Although the data holds pictures, return only the lines from the one containing "this 793×992 image." to the end, exactly, and without them.

## Data under study
* * *

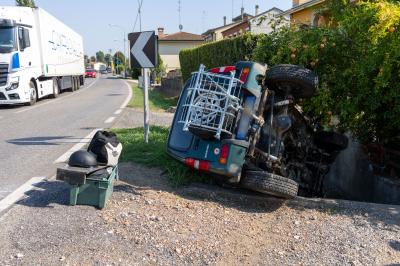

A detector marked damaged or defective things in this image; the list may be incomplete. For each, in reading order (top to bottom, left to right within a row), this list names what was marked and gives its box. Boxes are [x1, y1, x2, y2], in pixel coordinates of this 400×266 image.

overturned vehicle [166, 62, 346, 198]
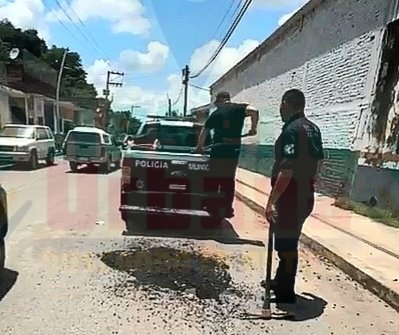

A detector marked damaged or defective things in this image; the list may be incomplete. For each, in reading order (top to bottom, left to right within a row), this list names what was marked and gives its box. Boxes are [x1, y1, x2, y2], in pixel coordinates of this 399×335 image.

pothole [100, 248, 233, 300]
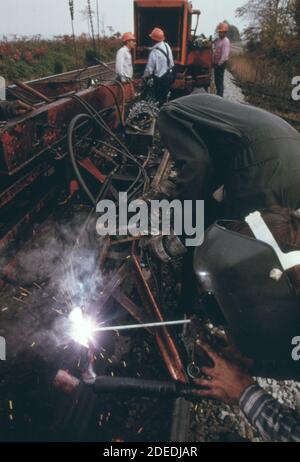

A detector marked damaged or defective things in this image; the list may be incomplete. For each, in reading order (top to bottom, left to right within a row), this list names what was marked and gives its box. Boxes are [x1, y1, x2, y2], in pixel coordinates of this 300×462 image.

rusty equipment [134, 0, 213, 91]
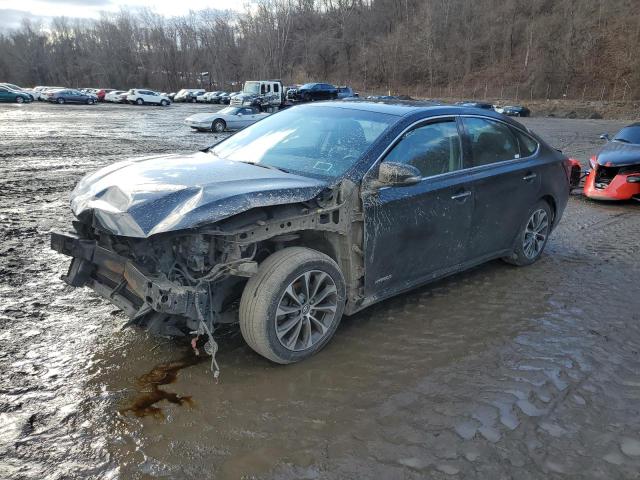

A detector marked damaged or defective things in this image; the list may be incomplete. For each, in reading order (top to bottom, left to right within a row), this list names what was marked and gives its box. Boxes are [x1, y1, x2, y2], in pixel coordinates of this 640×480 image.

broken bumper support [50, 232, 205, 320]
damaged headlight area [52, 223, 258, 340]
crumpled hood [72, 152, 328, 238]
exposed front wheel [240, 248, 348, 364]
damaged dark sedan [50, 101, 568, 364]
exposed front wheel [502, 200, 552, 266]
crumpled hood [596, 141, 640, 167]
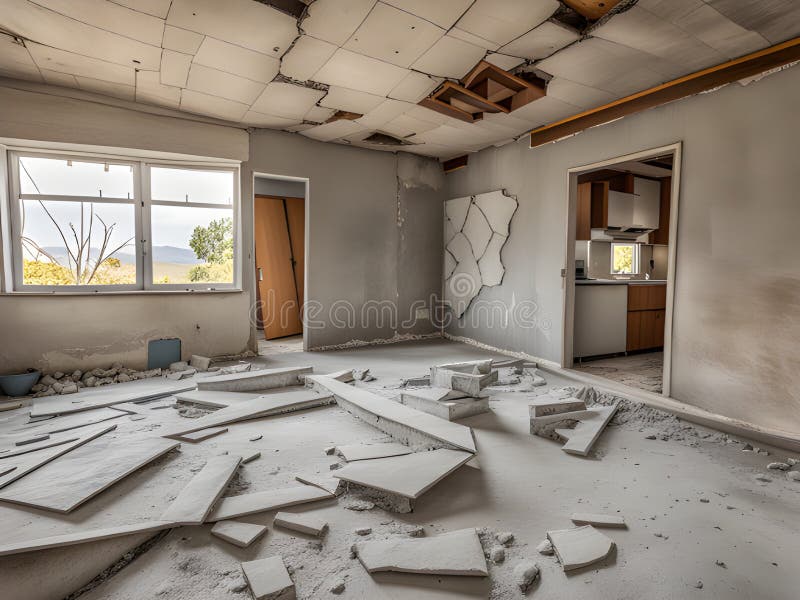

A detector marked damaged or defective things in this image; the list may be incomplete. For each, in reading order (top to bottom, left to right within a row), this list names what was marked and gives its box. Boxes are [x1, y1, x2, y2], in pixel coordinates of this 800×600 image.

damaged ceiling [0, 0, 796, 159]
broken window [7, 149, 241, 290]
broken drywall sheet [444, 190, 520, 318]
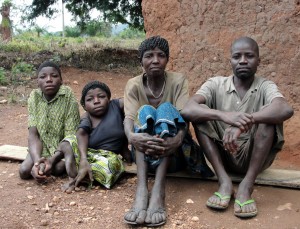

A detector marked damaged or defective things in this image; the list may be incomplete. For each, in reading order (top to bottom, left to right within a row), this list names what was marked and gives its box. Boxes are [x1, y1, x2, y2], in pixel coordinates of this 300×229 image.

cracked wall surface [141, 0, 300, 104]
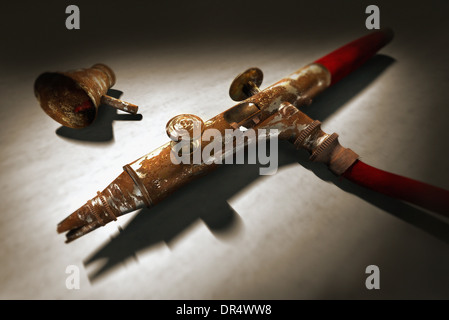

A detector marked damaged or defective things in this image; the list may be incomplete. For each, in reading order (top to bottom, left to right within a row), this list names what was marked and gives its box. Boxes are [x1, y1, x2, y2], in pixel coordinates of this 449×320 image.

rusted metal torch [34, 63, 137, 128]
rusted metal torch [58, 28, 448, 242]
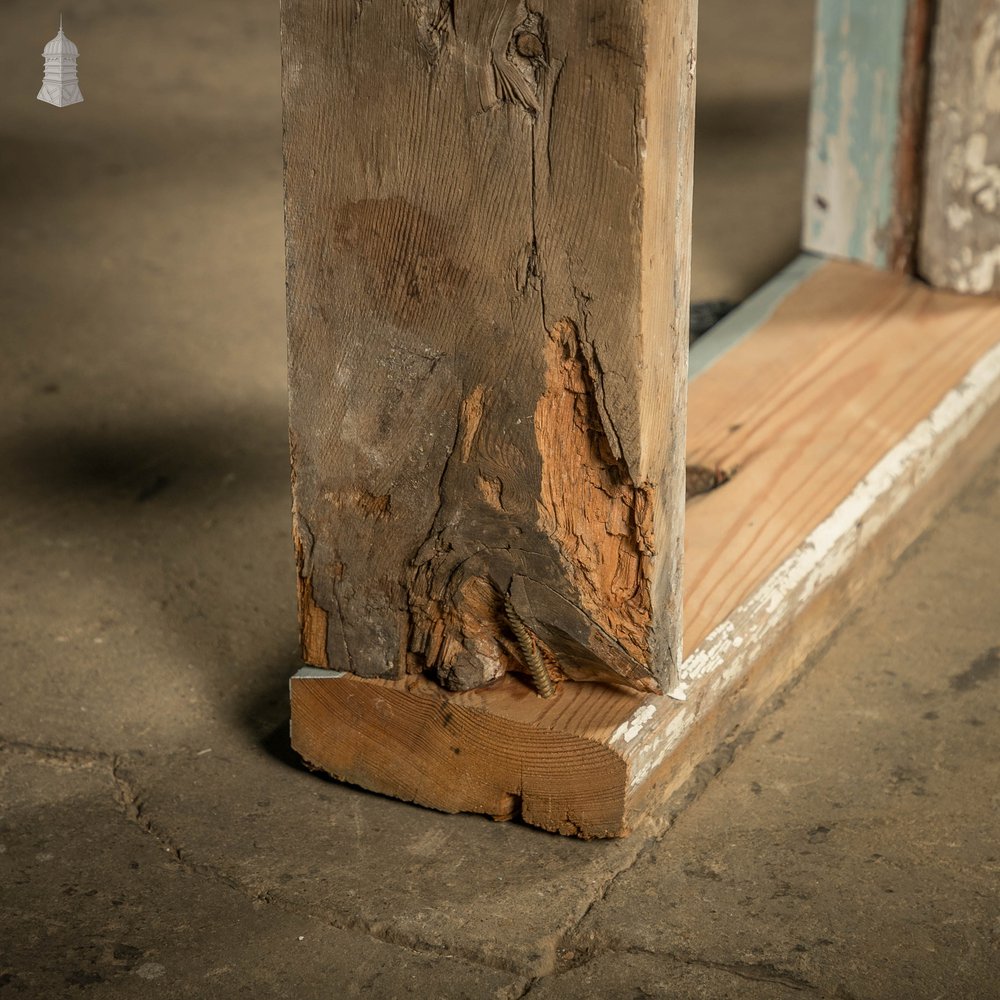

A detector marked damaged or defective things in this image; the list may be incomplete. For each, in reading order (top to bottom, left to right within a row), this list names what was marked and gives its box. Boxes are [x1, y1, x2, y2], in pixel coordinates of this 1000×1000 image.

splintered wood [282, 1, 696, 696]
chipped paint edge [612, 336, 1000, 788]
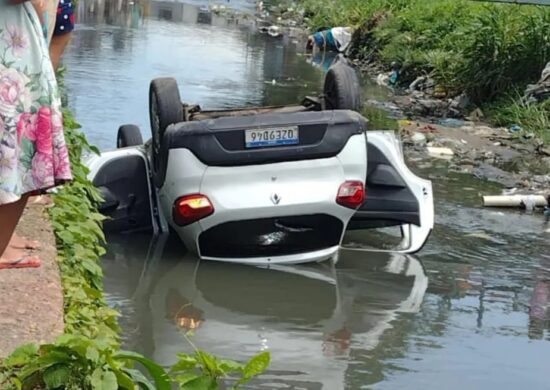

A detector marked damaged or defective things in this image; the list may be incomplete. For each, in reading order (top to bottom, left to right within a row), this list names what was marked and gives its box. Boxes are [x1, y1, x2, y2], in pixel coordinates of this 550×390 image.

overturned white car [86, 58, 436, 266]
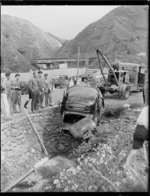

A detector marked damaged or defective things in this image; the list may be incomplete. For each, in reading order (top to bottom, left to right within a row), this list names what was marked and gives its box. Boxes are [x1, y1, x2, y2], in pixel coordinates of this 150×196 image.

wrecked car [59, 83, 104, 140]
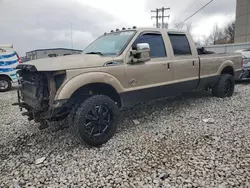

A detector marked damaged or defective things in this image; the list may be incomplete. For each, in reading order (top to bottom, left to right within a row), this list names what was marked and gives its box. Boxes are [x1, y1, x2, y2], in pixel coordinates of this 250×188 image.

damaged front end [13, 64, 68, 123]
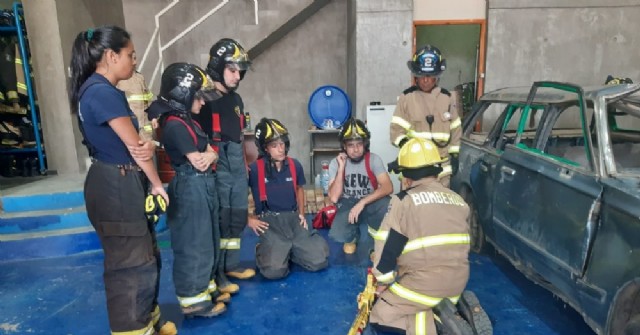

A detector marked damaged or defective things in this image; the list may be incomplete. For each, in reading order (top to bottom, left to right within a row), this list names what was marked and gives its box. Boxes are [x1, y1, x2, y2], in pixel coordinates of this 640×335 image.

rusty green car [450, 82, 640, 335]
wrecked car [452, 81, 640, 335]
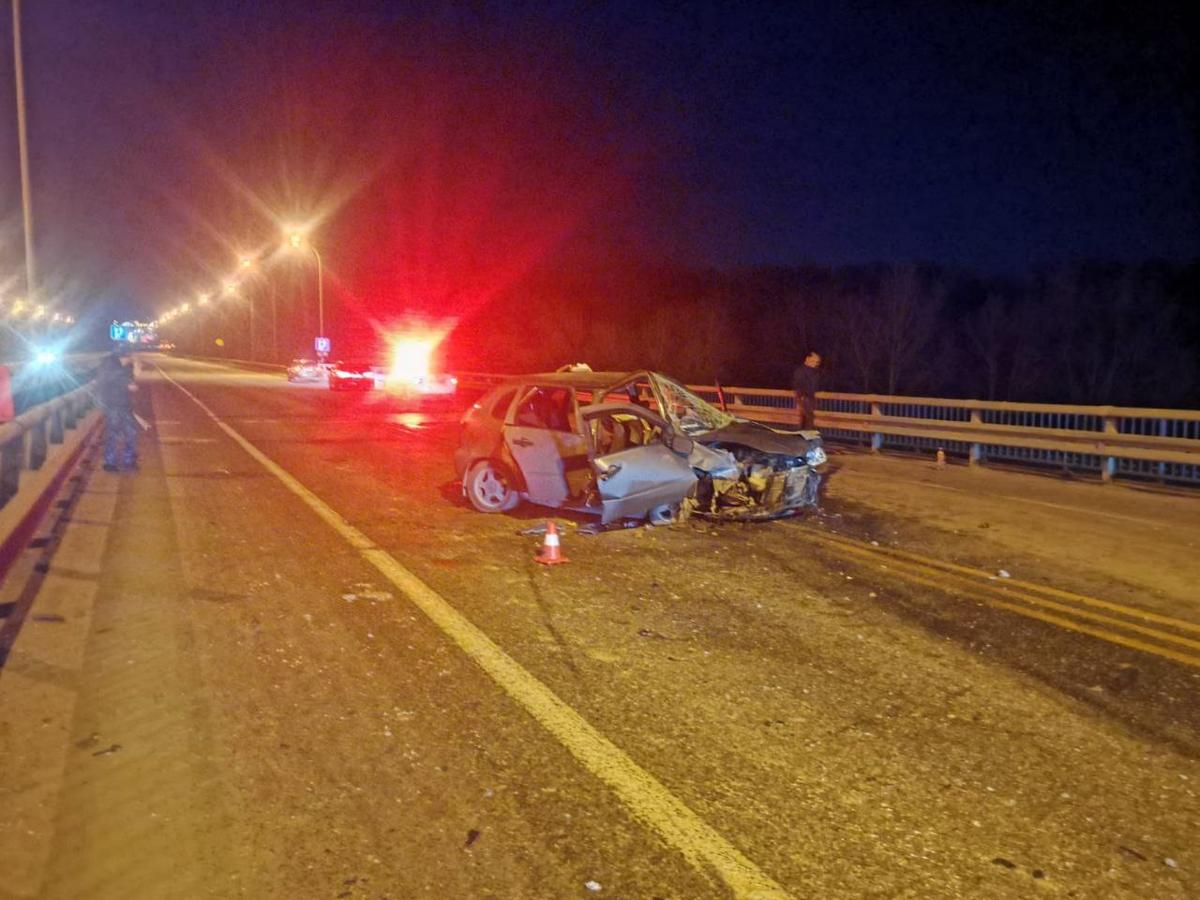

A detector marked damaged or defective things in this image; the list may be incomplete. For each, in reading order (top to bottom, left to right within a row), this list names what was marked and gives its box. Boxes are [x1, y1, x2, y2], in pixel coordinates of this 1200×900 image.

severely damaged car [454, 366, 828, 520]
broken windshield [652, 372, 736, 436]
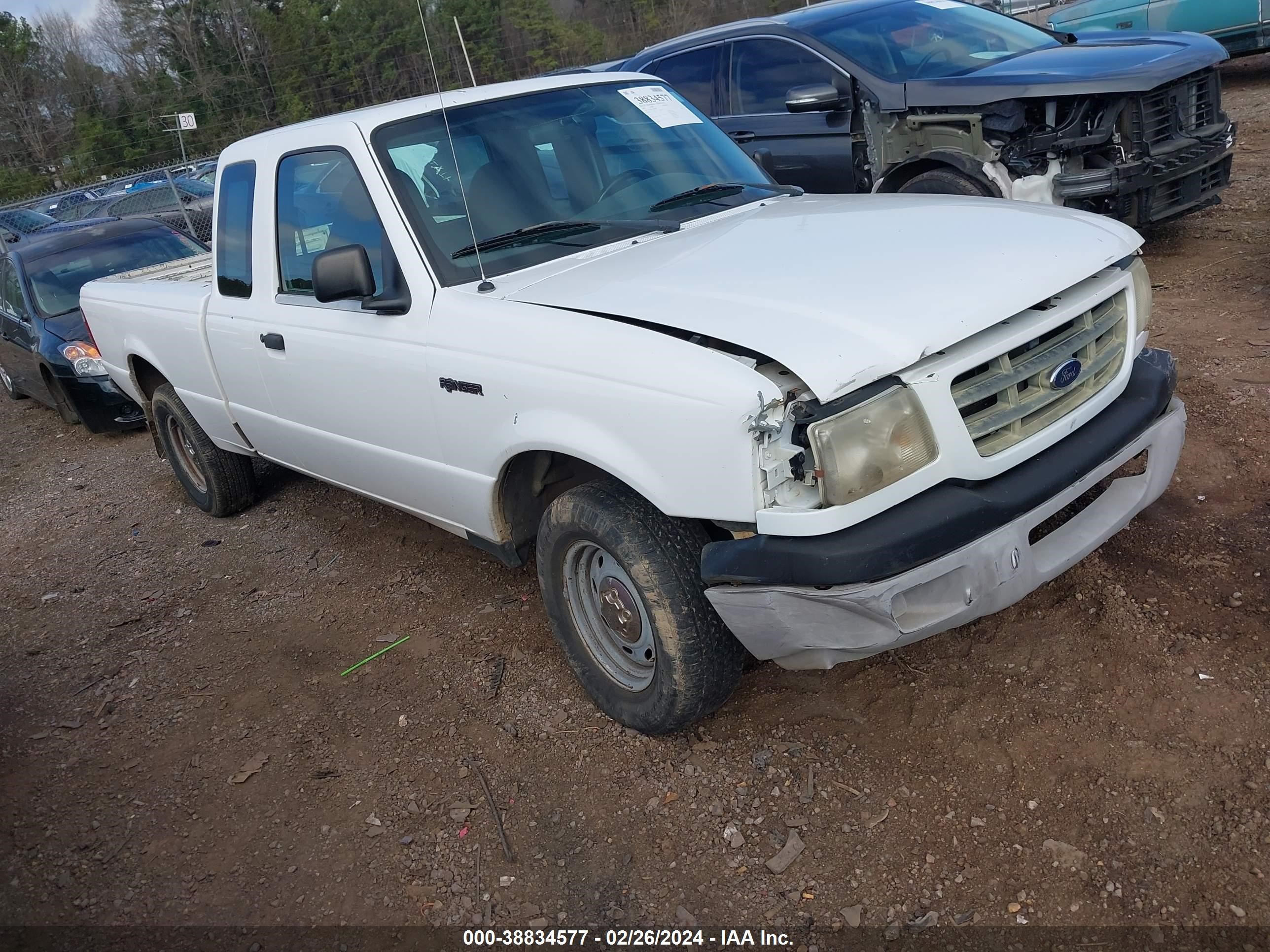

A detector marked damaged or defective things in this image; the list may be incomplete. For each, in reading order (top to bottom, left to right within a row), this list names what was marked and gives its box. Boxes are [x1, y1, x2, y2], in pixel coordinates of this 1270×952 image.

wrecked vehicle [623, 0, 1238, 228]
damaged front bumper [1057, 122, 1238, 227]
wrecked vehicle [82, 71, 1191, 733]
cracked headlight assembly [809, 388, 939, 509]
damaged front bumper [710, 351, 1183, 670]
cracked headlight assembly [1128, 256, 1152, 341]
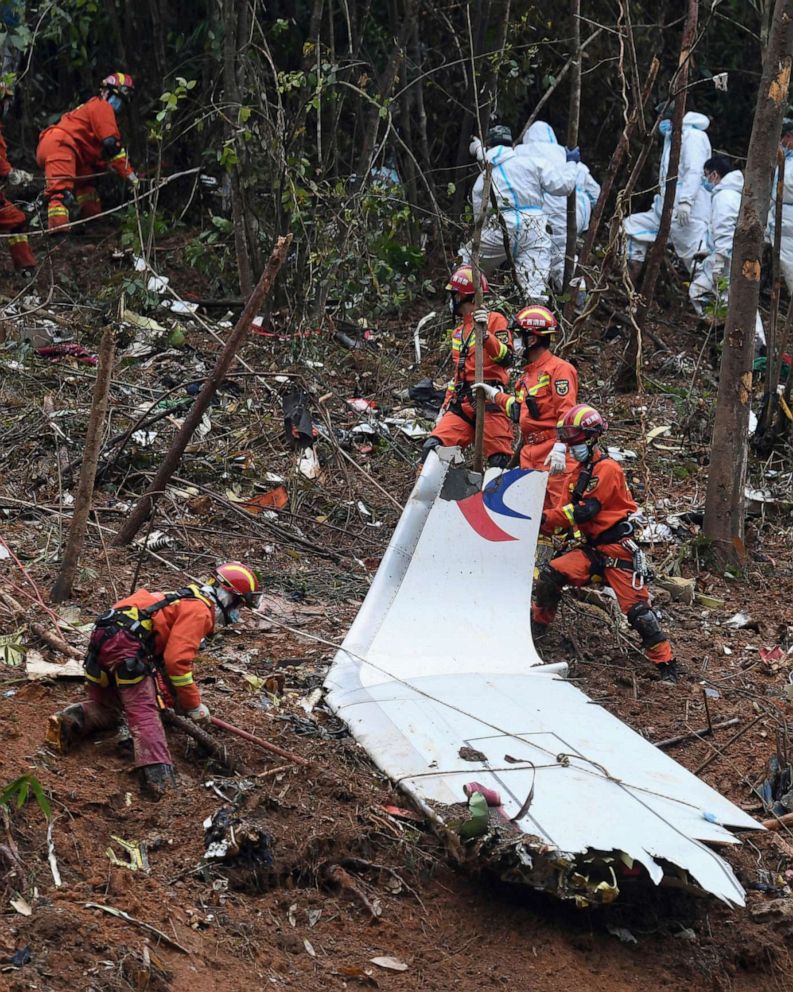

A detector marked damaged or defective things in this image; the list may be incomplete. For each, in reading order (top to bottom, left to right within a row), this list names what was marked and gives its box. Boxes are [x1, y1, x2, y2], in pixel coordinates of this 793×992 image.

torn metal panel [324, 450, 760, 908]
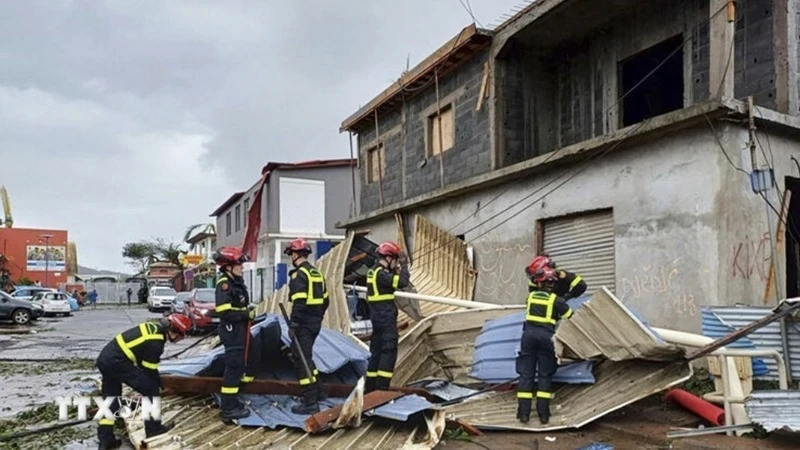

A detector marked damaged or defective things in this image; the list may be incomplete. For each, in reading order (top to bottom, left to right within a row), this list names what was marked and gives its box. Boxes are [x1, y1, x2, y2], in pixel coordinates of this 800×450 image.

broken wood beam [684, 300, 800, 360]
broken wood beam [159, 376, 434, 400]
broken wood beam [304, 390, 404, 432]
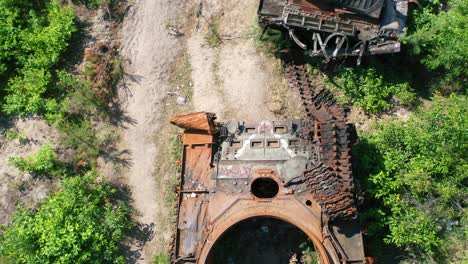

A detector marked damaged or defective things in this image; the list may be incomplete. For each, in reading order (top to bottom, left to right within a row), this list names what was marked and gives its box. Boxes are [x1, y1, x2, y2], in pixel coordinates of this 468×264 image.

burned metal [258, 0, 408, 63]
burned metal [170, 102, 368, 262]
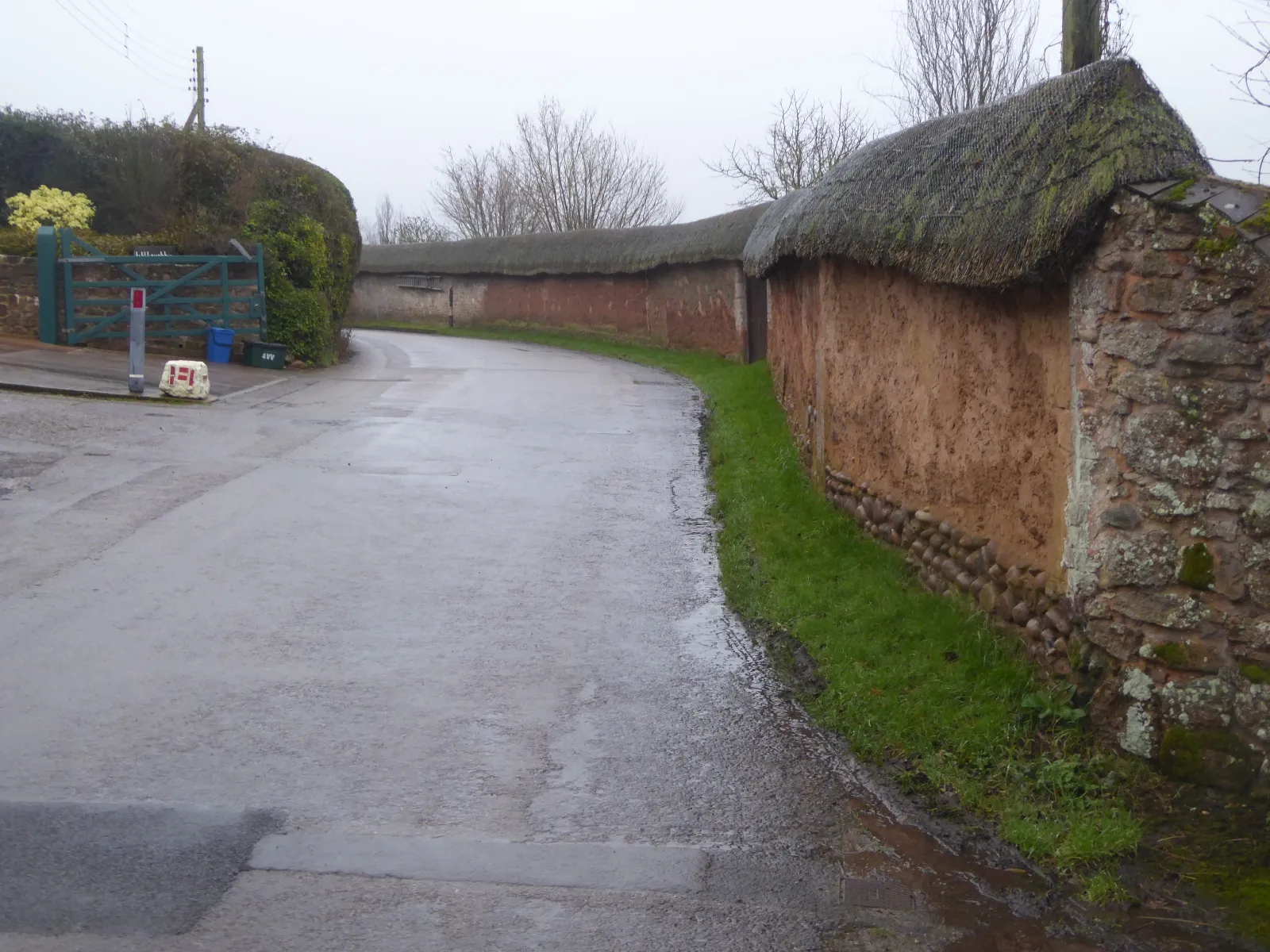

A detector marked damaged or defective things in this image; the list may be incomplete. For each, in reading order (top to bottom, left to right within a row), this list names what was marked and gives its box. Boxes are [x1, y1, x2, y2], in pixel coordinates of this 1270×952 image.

* * *

## Your response
A detector marked damaged or defective things in this image; the list may be incomplete. For each, in reading order (top to bottom, left to right within a row), this list names what was marked and gives its box. Boxes are [x1, y1, x2, y2], in pixel coordinates of this 793×992 image.

torn metal panel [324, 450, 760, 908]

A detector marked damaged or defective things in this image; the list may be incomplete. For each, in reading order (top to bottom, left to right within a row), this list names what was marked and gives its box. Boxes are [x1, y1, x2, y2], in pixel coordinates of this 800×450 image.

broken wood beam [684, 300, 800, 360]
broken wood beam [159, 376, 434, 400]
broken wood beam [304, 390, 404, 432]

A detector marked damaged or defective things in this image; the list may be incomplete. For each, in reading order (top to bottom, left to right within a row), this list names what was marked and gives its box. Boxes are [x1, y1, x2, y2], in pixel coordinates of this 468×264 image.

burned metal [258, 0, 408, 63]
burned metal [170, 102, 368, 262]

A detector marked damaged or defective things in this image; the list may be incomplete. For each, in reading order (top to bottom, left to right within a row), this list names what was marked and gives its box. Boxes are [x1, y1, x2, y2], in pixel coordinates of this 1270×952 image.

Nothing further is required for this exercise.